How to dry up a wet basement
Click Image to enlarge.
Q In the spring and after heavy rains, water leaks
into my basement along the base of the foundation walls. How can I stop
this?
Troy Ashton, via
E-mail
A First, make sure that rainwater
runs away from the house foundation. To pinpoint problem areas, go outside
while it’s raining and observe how the water flows off the roof and onto the
ground around the house. Pay particular attention to areas below roof valleys
where lots of water runs off.
Add soil to slope the ground away from the foundation.
The grade should slope a minimum of 1 in. per foot for the first 4 to 6 ft. If
necessary, direct roof water away with gutters and
downspouts.
If these measures fail, you may have to install an
interior drain tile and sump basin. (see photo).

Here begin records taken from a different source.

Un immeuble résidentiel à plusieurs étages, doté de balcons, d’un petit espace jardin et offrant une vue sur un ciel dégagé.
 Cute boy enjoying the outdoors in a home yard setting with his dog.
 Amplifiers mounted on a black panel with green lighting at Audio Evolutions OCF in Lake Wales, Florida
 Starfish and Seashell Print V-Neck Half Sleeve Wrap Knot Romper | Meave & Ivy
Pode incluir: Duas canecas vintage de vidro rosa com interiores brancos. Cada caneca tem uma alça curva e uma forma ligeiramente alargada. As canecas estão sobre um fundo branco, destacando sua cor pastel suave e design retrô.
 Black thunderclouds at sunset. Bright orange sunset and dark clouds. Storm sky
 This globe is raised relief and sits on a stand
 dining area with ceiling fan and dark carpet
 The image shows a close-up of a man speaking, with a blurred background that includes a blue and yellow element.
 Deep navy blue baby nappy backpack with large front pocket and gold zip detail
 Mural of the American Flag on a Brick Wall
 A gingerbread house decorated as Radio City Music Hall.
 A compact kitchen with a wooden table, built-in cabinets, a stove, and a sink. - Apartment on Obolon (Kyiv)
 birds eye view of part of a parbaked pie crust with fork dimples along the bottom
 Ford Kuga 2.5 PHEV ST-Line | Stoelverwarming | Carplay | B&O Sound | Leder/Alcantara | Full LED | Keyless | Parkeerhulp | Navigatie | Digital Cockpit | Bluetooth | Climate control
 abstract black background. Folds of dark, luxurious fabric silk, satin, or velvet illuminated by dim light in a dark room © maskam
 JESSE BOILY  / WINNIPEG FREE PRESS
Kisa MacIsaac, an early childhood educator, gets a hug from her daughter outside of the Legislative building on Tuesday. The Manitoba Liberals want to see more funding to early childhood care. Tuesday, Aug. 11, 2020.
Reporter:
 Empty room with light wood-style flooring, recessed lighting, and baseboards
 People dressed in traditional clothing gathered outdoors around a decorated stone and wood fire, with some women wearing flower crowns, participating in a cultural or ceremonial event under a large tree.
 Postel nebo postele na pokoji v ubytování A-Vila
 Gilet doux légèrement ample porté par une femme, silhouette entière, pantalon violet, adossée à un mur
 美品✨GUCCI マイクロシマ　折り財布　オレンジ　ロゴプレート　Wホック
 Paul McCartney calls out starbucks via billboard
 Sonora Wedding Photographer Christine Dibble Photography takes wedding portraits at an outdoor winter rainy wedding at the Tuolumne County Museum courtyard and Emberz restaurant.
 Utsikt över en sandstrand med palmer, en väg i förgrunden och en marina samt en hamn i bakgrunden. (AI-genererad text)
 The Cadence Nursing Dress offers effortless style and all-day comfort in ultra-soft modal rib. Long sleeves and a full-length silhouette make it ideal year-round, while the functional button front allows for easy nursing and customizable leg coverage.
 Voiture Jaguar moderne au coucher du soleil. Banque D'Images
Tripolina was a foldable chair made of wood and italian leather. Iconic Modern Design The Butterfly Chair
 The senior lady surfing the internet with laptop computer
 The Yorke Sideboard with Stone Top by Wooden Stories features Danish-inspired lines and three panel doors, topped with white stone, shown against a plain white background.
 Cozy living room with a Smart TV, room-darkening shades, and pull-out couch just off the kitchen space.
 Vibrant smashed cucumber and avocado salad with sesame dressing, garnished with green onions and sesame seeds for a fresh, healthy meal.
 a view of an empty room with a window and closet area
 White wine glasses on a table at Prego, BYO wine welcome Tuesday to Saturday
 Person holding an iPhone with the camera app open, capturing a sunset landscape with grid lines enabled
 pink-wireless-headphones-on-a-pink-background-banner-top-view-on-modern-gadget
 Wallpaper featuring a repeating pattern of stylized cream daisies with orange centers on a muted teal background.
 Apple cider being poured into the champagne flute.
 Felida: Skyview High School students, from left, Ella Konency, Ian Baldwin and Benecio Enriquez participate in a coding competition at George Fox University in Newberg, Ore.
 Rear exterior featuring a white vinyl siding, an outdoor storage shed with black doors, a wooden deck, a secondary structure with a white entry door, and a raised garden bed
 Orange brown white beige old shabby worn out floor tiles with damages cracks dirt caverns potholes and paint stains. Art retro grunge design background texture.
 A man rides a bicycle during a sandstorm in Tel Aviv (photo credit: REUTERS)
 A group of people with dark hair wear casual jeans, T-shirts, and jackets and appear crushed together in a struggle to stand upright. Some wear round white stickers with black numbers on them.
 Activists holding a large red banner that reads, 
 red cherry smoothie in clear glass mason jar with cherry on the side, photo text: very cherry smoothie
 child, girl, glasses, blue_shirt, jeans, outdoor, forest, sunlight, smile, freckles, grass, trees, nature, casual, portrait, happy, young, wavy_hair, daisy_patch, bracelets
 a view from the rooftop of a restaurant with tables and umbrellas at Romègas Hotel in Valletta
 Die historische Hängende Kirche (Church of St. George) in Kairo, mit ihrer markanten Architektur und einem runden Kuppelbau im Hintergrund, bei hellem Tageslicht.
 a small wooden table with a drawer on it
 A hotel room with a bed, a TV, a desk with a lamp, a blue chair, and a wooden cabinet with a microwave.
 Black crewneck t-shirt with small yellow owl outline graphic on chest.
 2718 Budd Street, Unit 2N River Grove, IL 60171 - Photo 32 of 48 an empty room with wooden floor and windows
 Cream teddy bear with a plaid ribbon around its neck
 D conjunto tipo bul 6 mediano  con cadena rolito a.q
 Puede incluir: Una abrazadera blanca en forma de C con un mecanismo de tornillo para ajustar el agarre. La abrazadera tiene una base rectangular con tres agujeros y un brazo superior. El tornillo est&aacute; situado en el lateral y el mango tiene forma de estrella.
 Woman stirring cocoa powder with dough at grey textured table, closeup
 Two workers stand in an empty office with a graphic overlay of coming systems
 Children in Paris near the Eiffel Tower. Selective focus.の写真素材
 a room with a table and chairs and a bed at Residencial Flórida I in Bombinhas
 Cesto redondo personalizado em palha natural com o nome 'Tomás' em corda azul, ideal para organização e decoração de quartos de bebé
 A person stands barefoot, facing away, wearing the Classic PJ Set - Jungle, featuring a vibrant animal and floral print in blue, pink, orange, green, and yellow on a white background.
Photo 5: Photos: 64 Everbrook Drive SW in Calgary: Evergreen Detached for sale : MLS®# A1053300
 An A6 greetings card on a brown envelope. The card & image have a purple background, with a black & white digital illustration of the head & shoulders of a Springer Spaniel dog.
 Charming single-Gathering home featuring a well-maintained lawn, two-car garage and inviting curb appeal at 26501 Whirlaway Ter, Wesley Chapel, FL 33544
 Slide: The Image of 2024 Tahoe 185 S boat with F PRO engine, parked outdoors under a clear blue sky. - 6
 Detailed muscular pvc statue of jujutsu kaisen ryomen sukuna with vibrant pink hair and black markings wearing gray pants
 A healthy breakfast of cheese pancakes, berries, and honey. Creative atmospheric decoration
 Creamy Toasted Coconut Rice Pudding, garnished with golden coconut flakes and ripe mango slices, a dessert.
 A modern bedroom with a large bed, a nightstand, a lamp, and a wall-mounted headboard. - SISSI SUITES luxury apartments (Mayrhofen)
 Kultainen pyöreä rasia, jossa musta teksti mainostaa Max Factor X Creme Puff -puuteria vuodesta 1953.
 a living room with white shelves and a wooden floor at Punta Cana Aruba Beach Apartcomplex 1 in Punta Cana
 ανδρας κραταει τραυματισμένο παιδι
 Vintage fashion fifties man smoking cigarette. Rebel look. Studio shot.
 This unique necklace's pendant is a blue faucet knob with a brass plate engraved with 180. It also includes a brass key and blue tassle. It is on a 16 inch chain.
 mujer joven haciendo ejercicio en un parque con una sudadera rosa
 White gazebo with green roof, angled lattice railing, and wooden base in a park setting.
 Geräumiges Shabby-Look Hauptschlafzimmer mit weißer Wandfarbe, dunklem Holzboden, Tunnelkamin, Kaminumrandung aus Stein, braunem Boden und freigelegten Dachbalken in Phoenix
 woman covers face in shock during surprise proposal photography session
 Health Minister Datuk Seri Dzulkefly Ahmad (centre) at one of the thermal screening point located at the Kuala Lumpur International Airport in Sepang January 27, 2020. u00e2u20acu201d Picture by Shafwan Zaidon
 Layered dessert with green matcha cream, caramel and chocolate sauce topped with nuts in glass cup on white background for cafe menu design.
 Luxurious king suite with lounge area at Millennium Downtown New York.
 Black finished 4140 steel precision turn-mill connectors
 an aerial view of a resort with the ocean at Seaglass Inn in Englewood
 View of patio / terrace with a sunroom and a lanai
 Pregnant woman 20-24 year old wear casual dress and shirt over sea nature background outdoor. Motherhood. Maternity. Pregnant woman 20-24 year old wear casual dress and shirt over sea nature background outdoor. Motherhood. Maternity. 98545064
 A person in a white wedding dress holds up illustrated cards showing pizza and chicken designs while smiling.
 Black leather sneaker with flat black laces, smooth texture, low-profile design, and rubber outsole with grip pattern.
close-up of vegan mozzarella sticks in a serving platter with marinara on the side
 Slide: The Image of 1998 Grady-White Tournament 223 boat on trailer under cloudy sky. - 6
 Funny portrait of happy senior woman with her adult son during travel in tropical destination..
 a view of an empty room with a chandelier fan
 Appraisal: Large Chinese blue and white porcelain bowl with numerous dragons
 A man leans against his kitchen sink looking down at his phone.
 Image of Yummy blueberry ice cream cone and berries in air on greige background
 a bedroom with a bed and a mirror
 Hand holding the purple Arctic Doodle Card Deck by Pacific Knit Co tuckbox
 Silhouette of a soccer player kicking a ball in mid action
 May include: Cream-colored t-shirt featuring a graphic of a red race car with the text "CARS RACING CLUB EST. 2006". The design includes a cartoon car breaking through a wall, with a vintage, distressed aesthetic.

The corrugated floor
edging catches water running down the inside of the foundation wall and seeping
under it and then directs it to the drain tile. The drain tile carries the
water to the sump basin, where an electric pump automatically discharges
it.
The materials are relatively inexpensive, but the labor
is
huge. You’ll need to jackhammer out
a strip of concrete around the perimeter, haul out concrete rubble and dirt,
carry in gravel, and then patch the concrete floor. This is dusty, sweaty
labor. Pros charge several thousand dollars for this
job.
To install this system, follow these
steps:
-
Break out and remove an 18-in. strip of concrete around
the walls to expose the footing and underlying dirt. Rent an electric
jackhammer ($65 per day) for this task.
-
Dig a 12-in. wide by 8-in. deep trench alongside the
footing.
-
Find a location for the sump basin (an unfinished room is
best). You’ll need an electrical outlet for the sump pump and a way to run the
discharge pipe outside. Break out additional floor, dig a hole and set the
basin in place so the top is flush with the concrete
floor.
-
Lay about 2 in. of gravel in the bottom of the trench
(use crushed stone or river rock). Run the perforated drain tile in the trench
and push its end through the knockout of the sump basin. Try to make a complete
loop of the basement with the drain tile and run both ends into the basin. Fill
the trench and around the basin with more gravel, leaving room for 3 to 4 in.
of concrete.
-
Hang 6-mil polyethylene sheeting from the top of the
foundation wall. Leave the bottom edge hanging just above the
footing.
-
Lay the floor edging on the footing. Make sure the
polyethylene runs behind it.
-
Lay a strip of polyethylene on top of the gravel and pour
concrete to patch in the floor.
-
Install the sump pump in the basin and run the discharge
pipe outside. Make sure the pipe runs at least 6 ft. away from the foundation
so you aren’t just dumping the water back against the foundation
wall.
If you have a concrete block
foundation,
you’ll have to drain the
block cores by drilling 1-in. holes through the face of the block. Rent a
rotary hammer with a 1-in. masonry bit; it’s worth the $50-a-day
fee.
Buyer’s Guide
-
Floor edging: MTI, (800) 634-4525. Go to
www.masonrytechnology.com to find a local
supplier.
-
Sealed basin:18 x 22 in. with two drain tile holes, No.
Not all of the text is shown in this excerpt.